December 5th, 2025
Together with Benoît Fliche (Institut d’ethnologie et d’anthropologie sociale, Aix-Marseille Université) and Eduard Fosch Villaronga (Center for Law and Digital Technologies, Leiden University), I was invited to talk about A.I. from the perspective of neuroscience and my own artistic practice. The occasion was a series of talks on AI at École nationale supérieure des Beaux-Arts, put together by Professor Vincent Rioux. As part of the first-year curriculum, he bring together experts from different fields in a kaleidoscope of unique viewpoints – showing how these different areas connect and overlap on complex issues that don’t have clear answers, so that it is important to explore them from multiple angles to help us think about them more clearly.

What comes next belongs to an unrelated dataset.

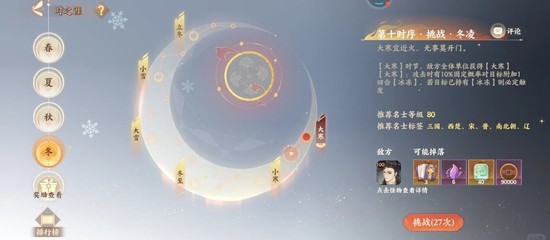 忘川风华录时之涯通关个人总结 四季全通名士配队参考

This was the first time I made a talk on the topic, and it was a challenge to find an angle that respected the complexity, the audience and my own embryonic ideas on the matter. Luckily, a couple of weeks ago, under the pleasure of a beer at a noisy bar, Samon Takahashi suggested I talk about language. Brilliant. That became the guiding concept through which I was able to re-visit older works and develop new thoughts. I also did quite a bit of reading on the topic, much of which didn’t get a place anywhere, and is now probably mostly forgotten. However, I kept my notes, and with the help of A.I., here is a summary:
The presentation aimed to connect thoughts on neuroscience, my own art, and research in artificial intelligence through the idea of language as the link between inner experience and external expression.
From the earliest anatomical texts to modern EEG recordings, language allows us to describe the unseen workings of the mind. In science, analysis separates complex signals into identifiable patterns such as alpha activity; in art, sound and performance synthesize fragments of sound, thoughts and ideas into a shared experience.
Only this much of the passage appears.